┌────────

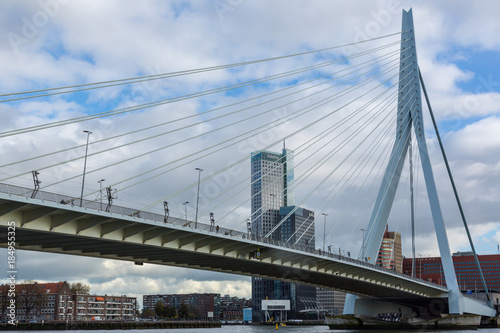 Erasmus Bridge in Rotterdam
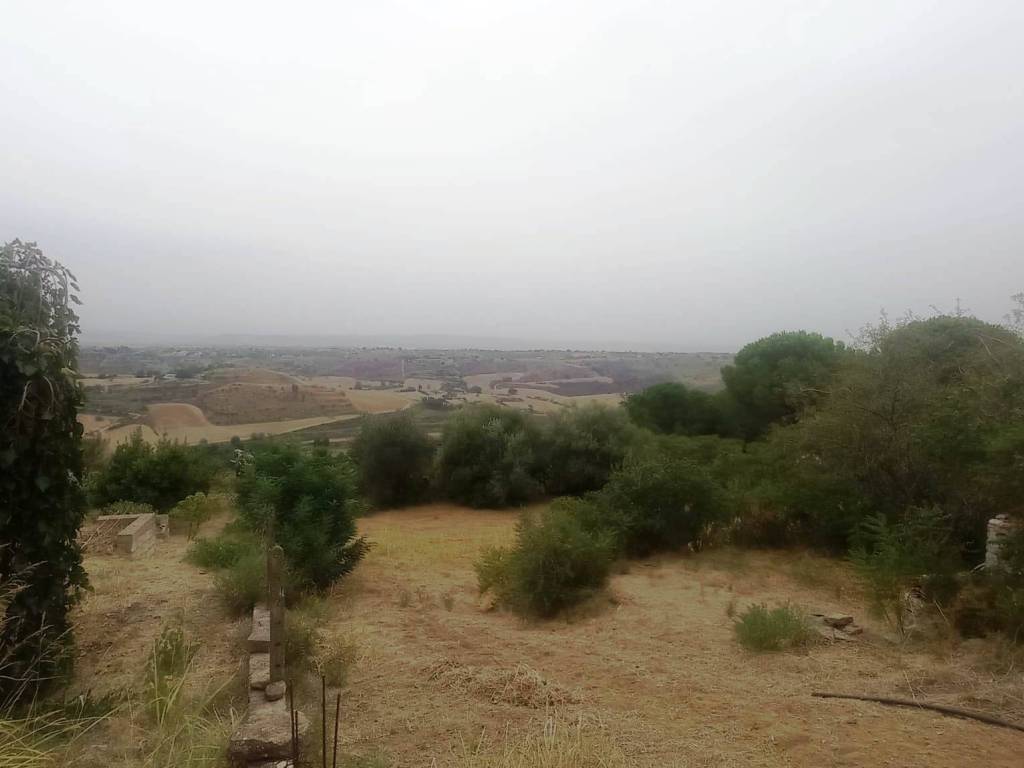 terreno agricolo in vendita a Caltagirone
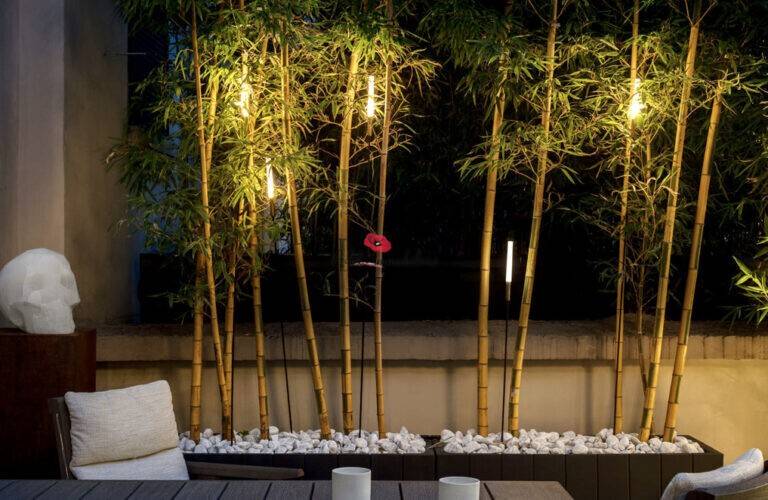 Appartamento a Mogliano veneto - Foto 3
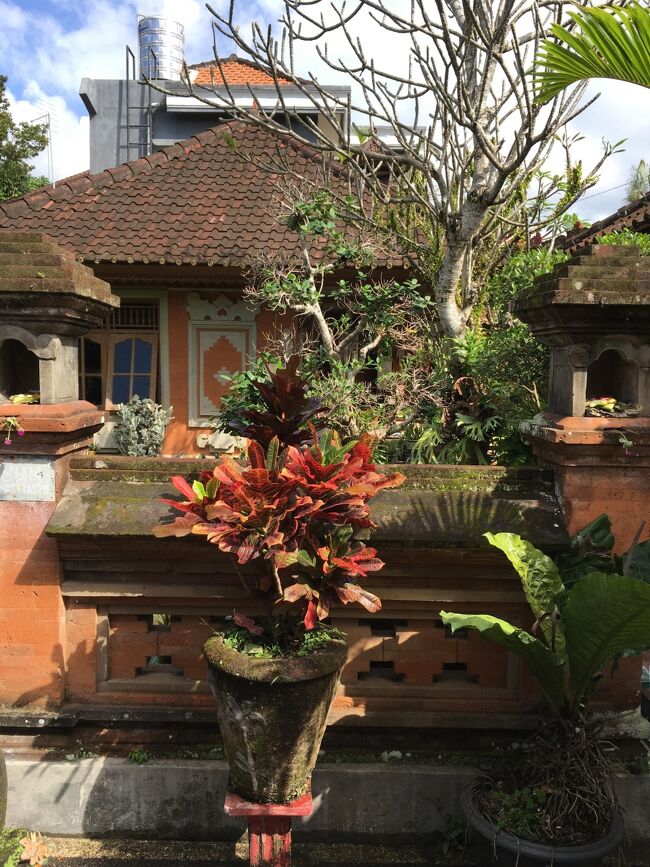 １６時３０分、宿に到着。<br />でも宿前までは送ってくれなかった。<br />と言うのもウブドは渋滞が酷くて、そしてジャワ島と違い道も細く、車が入れなかったんだ。<br />だから近くで降ろしてもらい、そこからグーグルマップ先生に誘導してもらい、宿に向かった。<br />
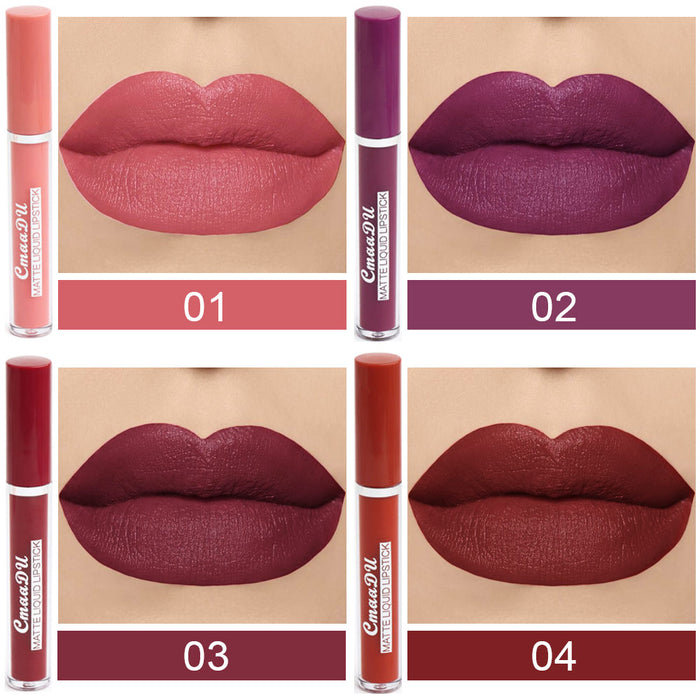 evpct 10Pcs Waterproof Liquid Matte Matt Lipsticks Set Matt Liquid,CmaaDU Dark Red 24 Hour Long Lasting Matte Lipstick Lip Stain Gloss Makeup Sets for Women Lippies labiales matte larga duracion 24 06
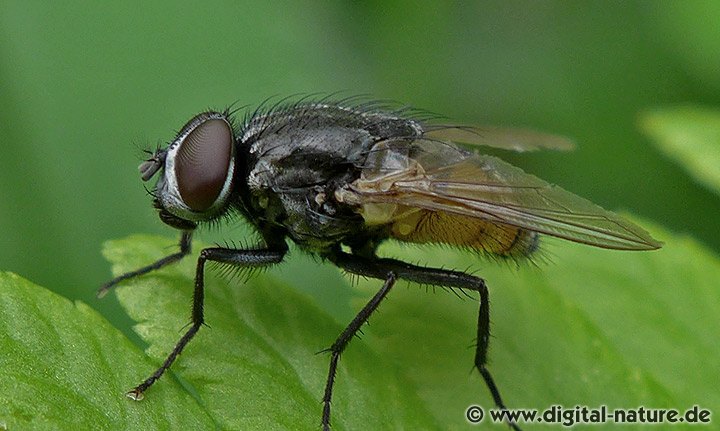 Herbstfliege Musca autumnalis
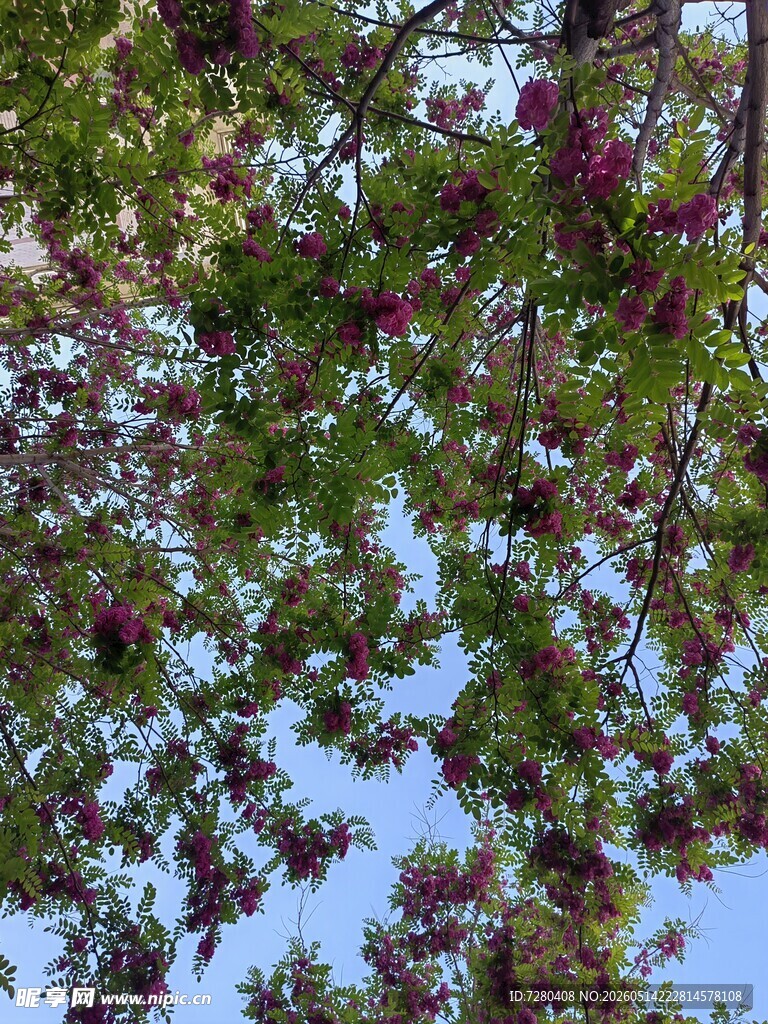 枝头繁花绽绿叶间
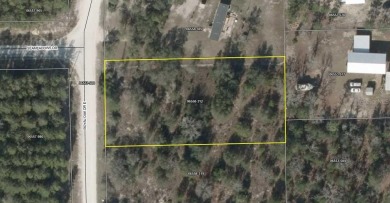 Beach Lot For Sale in Perry, Florida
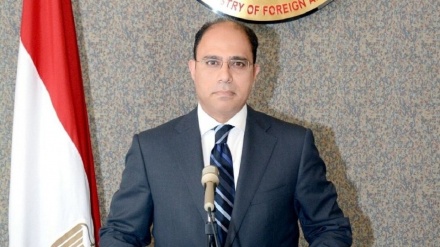 埃及和俄罗斯官员就解决叙利亚危机做出强调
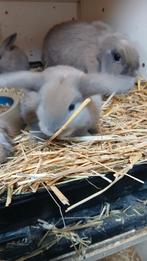 Hele mooie jonge NHD  kleur isabella, Ned Hangoor dwergjes, Dieren en Toebehoren, Konijnen, Meerdere dieren, Dwerg, Hangoor, 0 tot 2 jaar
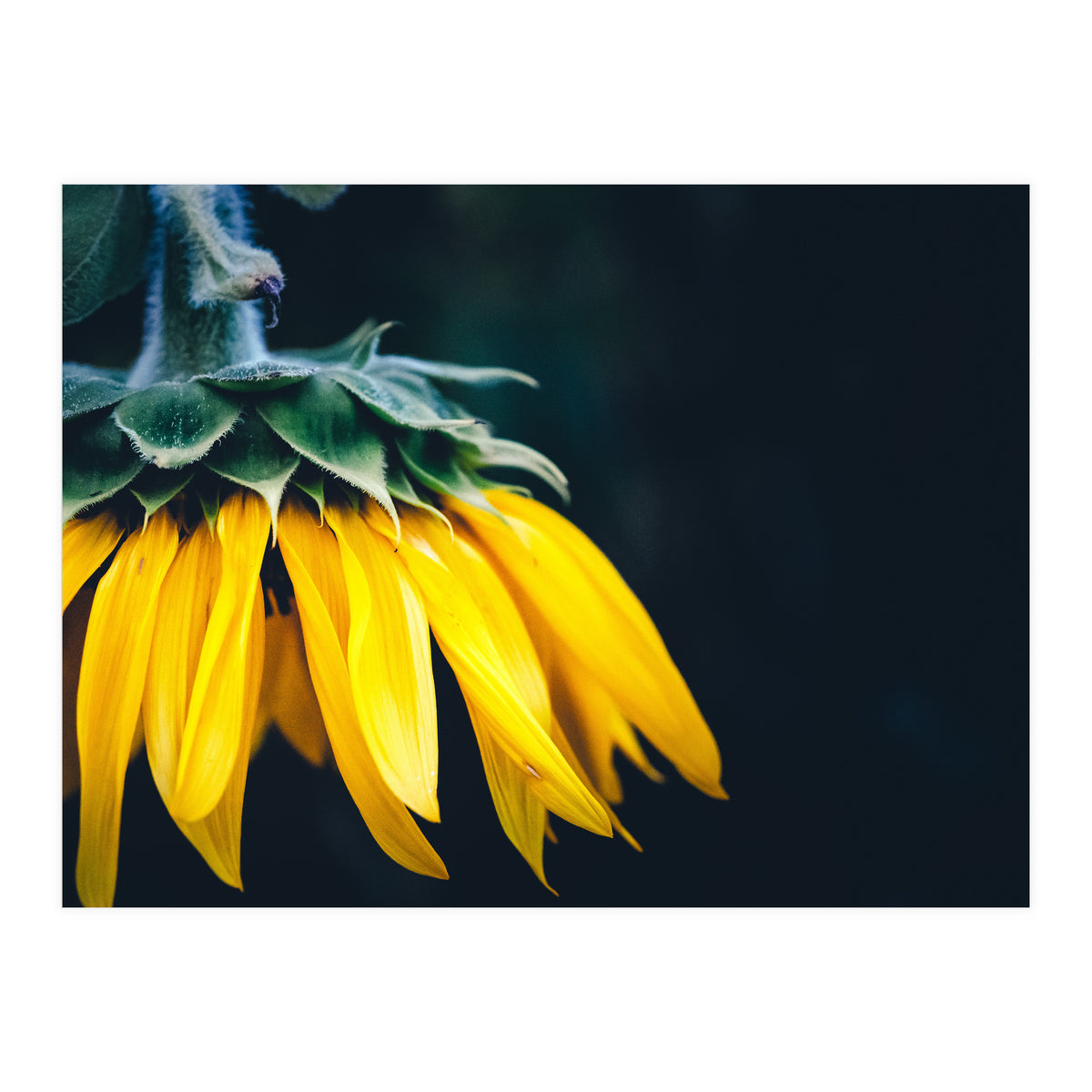 Sunflower Detail 1 (Print Only)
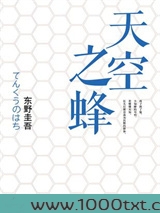 天空之蜂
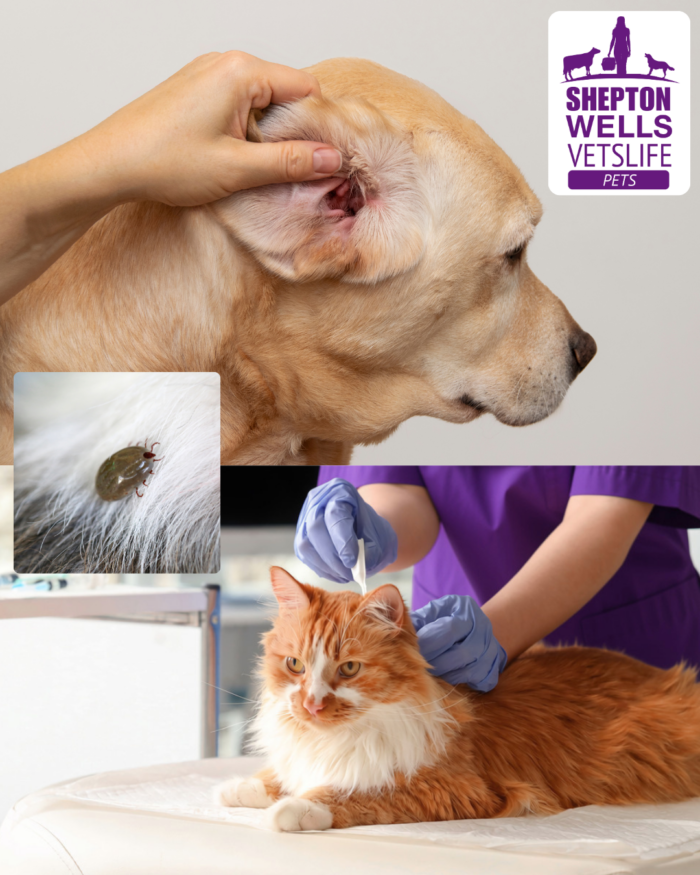 Common Summer Pet Parasites: How to Spot Them Before They Become a Problem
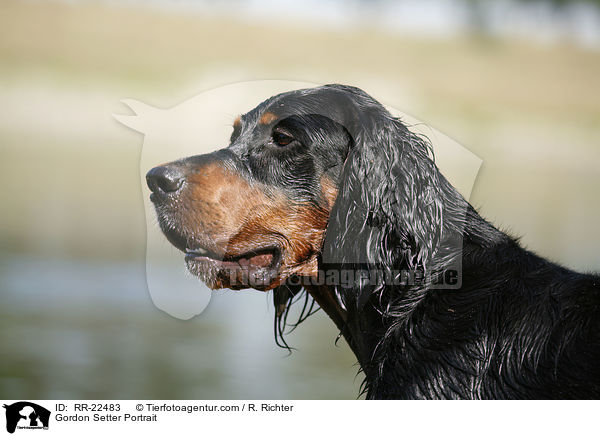 Gordon Setter Portrait / Gordon Setter Portrait / RR-22483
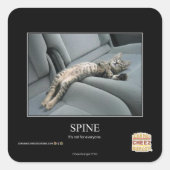 ruggengraat vierkante sticker (Voorkant)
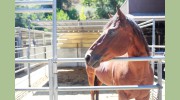 All Seasons Horse Riding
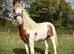 Yearling Cob Gelding to make 13.3+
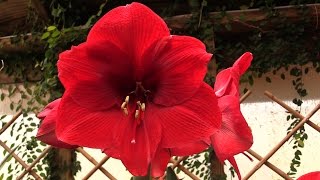 How to Make Your Amaryllis Bloom Again [upl. by Ailemaj]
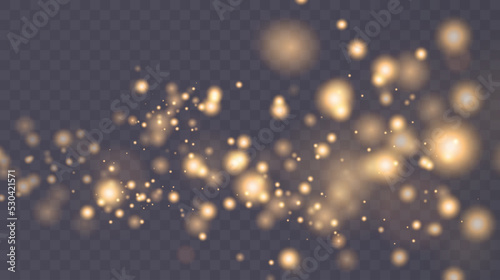 Bokeh light lights effect background. Christmas background. Powder dust light PNG. Magic shining gold dust. Fine, shiny dust bokeh particles fall off slightly. 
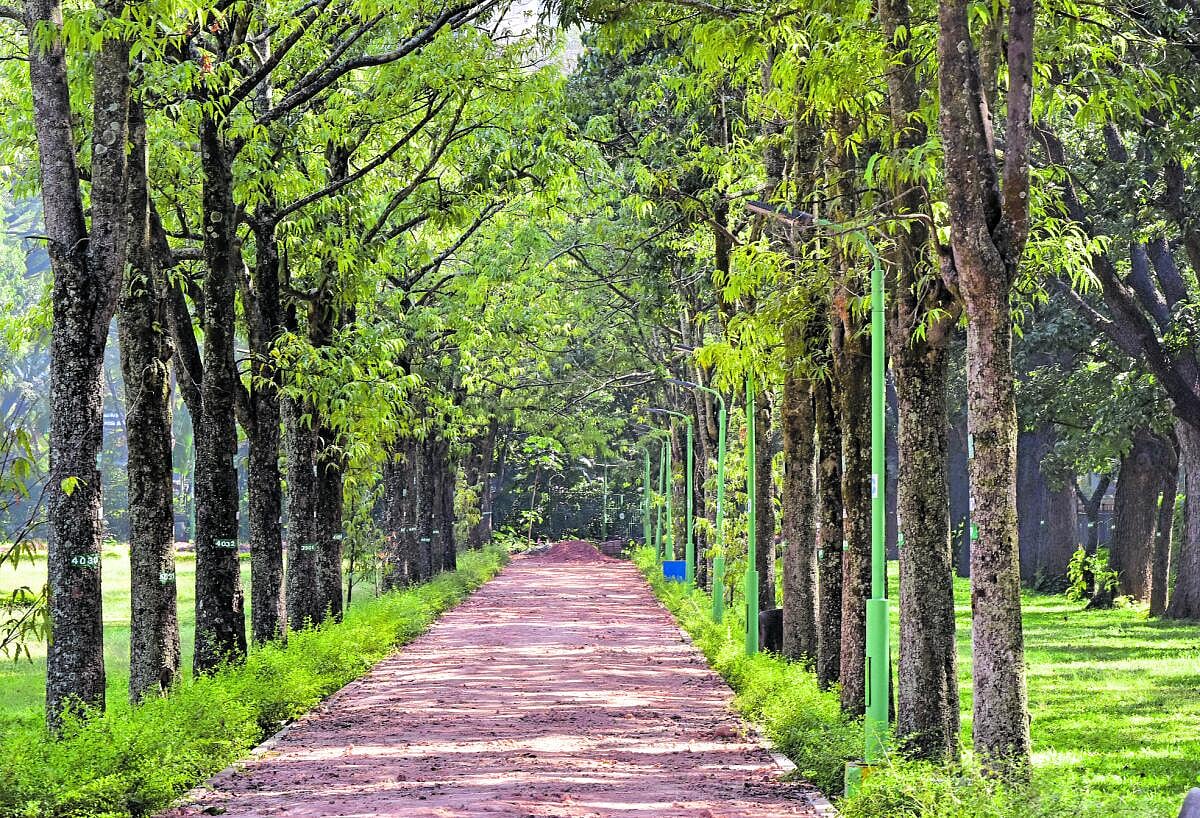 ಕಬ್ಬನ್‌ ಉದ್ಯಾನದಲ್ಲೂ ಪುಷ್ಪ ಪ್ರದರ್ಶನ: ನ. 27ರಿಂದ ಡಿ. 7ರವರೆಗೆ ಆಯೋಜನೆ 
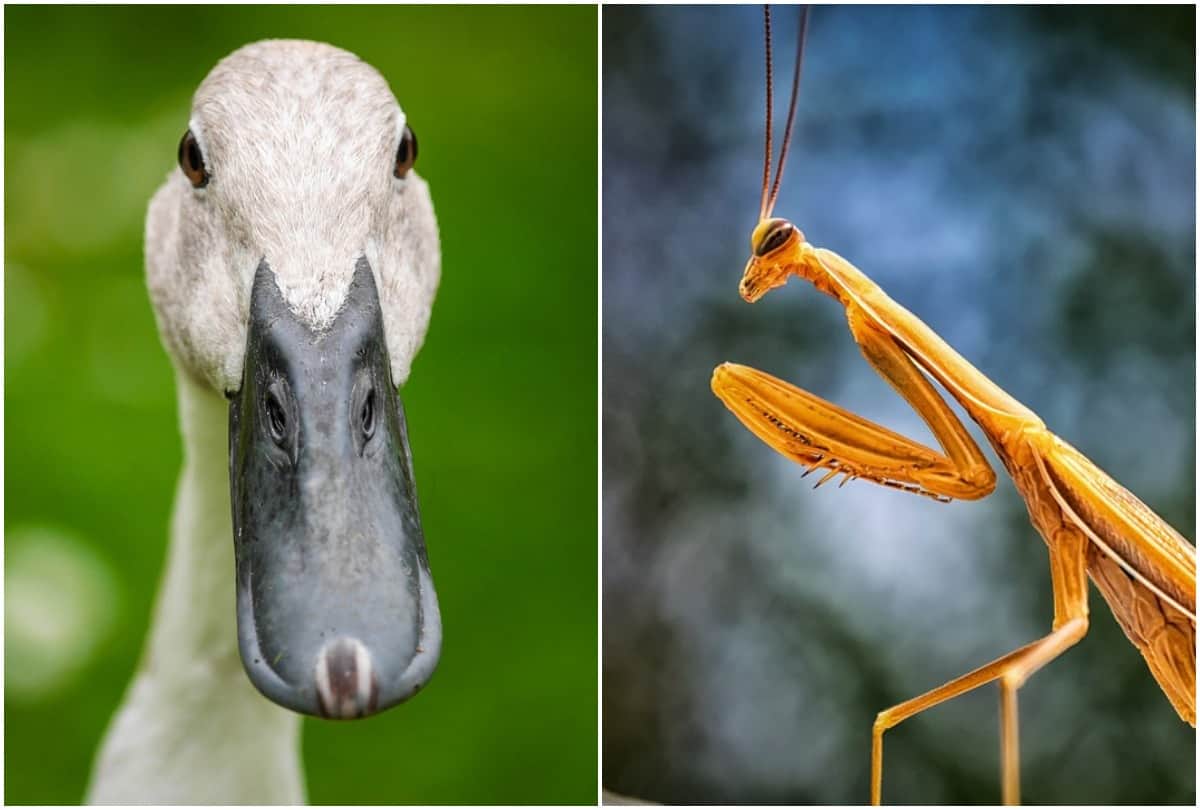 Why China is sending ducks to tackle locust attacks in Pakistan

└────────

● **WHAT THIS TASK INVOLVES**:
Write back the stretch of lines above that begins with the line holding "Gordon Setter Portrait / Gordon" and ends with the line holding "How to Make", both included, exactly as written. Pictures stay out.

● **PROBLEM SOLUTION**:
 Gordon Setter Portrait / Gordon Setter Portrait / RR-22483
 ruggengraat vierkante sticker (Voorkant)
 All Seasons Horse Riding
 Yearling Cob Gelding to make 13.3+
 How to Make Your Amaryllis Bloom Again [upl. by Ailemaj]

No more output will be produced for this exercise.